■ WHAT IS EXPECTED: In the records below, find the line containing "探寻市场领导者之路，五月牛私募最新排行榜解析" and return it together with every later line, exactly as written; pictures are to be omitted.

%%

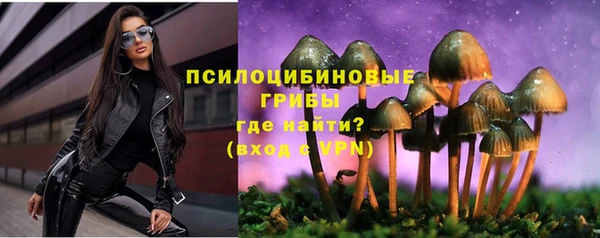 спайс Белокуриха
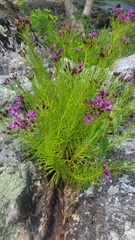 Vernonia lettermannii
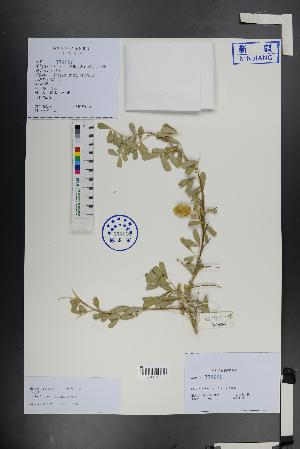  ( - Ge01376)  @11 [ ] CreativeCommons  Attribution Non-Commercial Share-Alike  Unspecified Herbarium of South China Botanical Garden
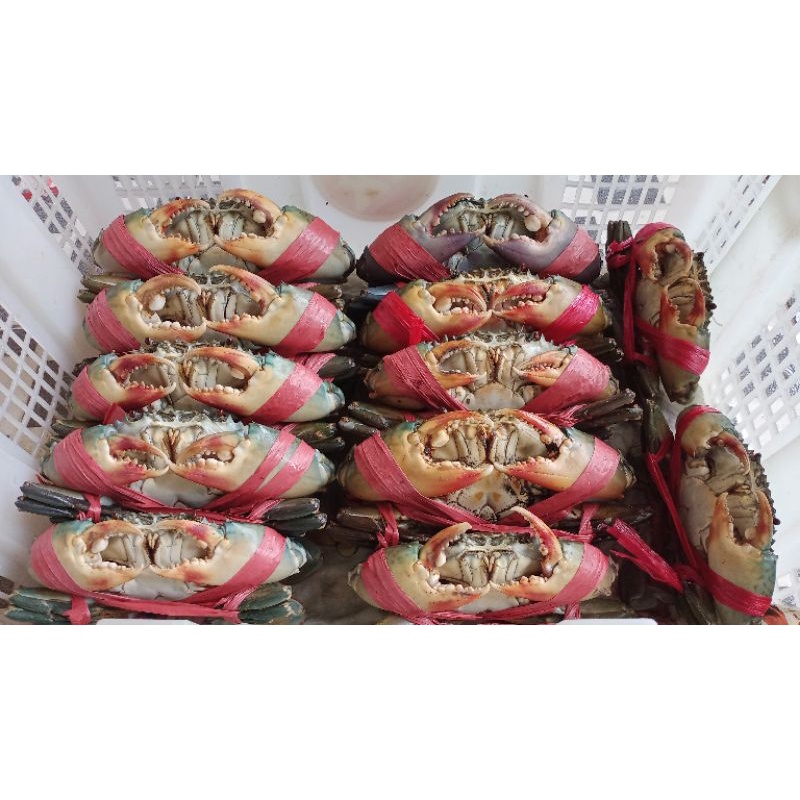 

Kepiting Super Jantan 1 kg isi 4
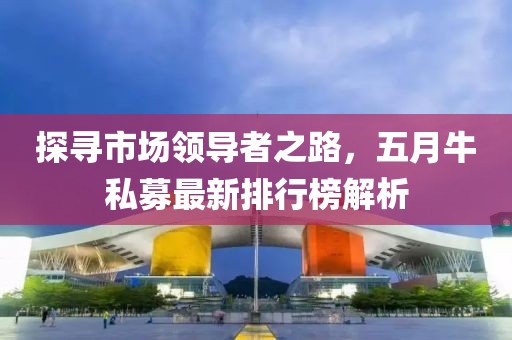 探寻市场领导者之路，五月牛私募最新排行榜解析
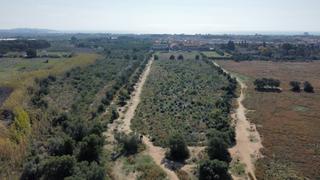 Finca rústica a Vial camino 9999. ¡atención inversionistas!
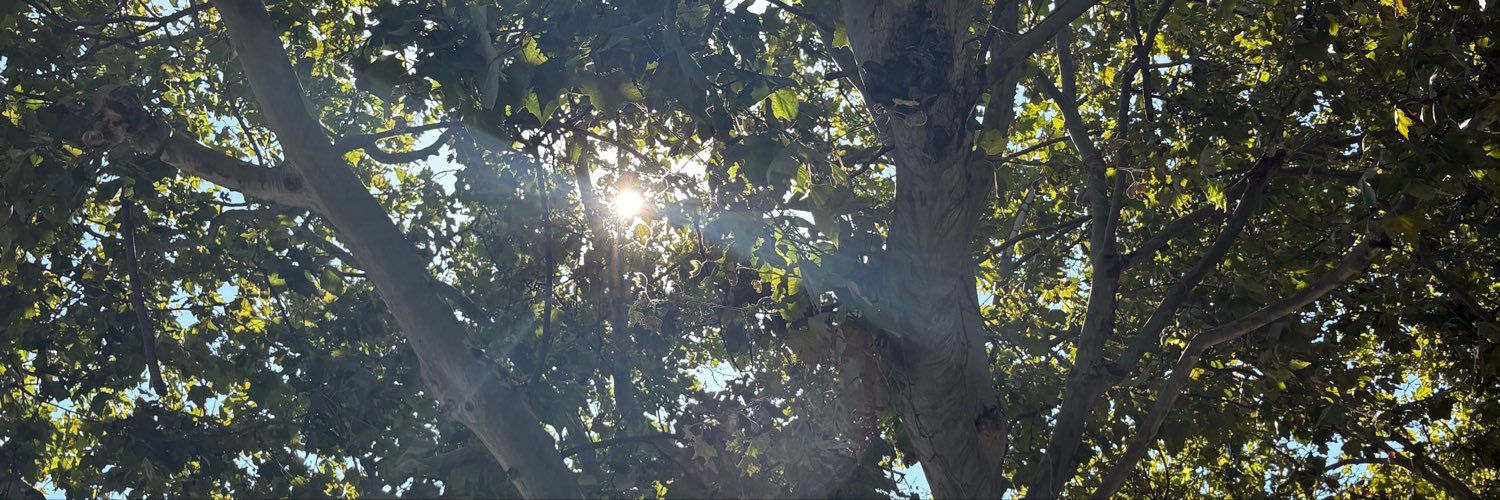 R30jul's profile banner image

%%

■ SOLVED PROBLEM:
 探寻市场领导者之路，五月牛私募最新排行榜解析
 Finca rústica a Vial camino 9999. ¡atención inversionistas!
 R30jul's profile banner image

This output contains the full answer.